Americans With No Religion Greatly Outnumber White Evangelicals - Note for a discussion, "E Pluribus Unum? What Keeps the United States United."


Ed Kilgore, nymag.com; original article contains links

Image from article, with caption: Those white evangelicals who wield so much political power in America are actually a rapidly shrinking percentage of the population.

It’s relatively well-known that the portion of the U.S. population with no religious affiliation has been steadily increasing recently. And for those paying attention to research, it’s also been obvious for a while that conservative evangelicals were beginning to lose “market share” after years of mocking their mainline Protestant cousins of “dying” because of insufficiently rigorous theology and moral strictures.

But now comes a new set of data from years of polling by ABC News and the Washington Post that puts these trends together in a way that might bust some old preconceptions. Between 2003 and 2017, the percentage of adult Americans professing “no religion” grew from 12 percent to 21 percent. And at the same time, the portion of the population made up by white evangelicals dropped from 21 percent to 13 percent. Indeed, the white evangelical population dropped even faster than the white non-evangelical population (which shrank from 17 percent to 11 percent), and the two groups are converging in size.

Among younger Americans, the trends are even starker. In 2003, only 19 percent of adults under 30 professed “no religion.” That percent rose to 35 percent in 2017. That’s compared to only 22 percent who identify with any sort of Protestantism.

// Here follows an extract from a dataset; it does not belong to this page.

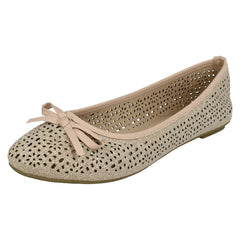 Ladies Spot On Punched Design Ballerinas F80376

When you consider the political power of the different types of believer and unbelievers, these numbers are hard to credit. Recently four members of the U.S. House of Representatives formed a “Freethought Caucus,” dedicated, among other things, to defense of “atheists, agnostics, humanists, seekers, religious and nonreligious persons” against discrimination. Yet those white conservative evangelicals who are now significantly outnumbered by the “nonreligious” have one of the two major political parties catering to them relentlessly; they are also uniformly thought to represent the political “base” for the president of the United States.

If the irreligious ever get serious about flexing their muscles politically, a lot could change in this country, particularly on church-state separation issues. In the meantime, white evangelicals need to get a more realistic sense of their own trajectory, and stop lording it over other people of faith who share their less-than-robust membership trends.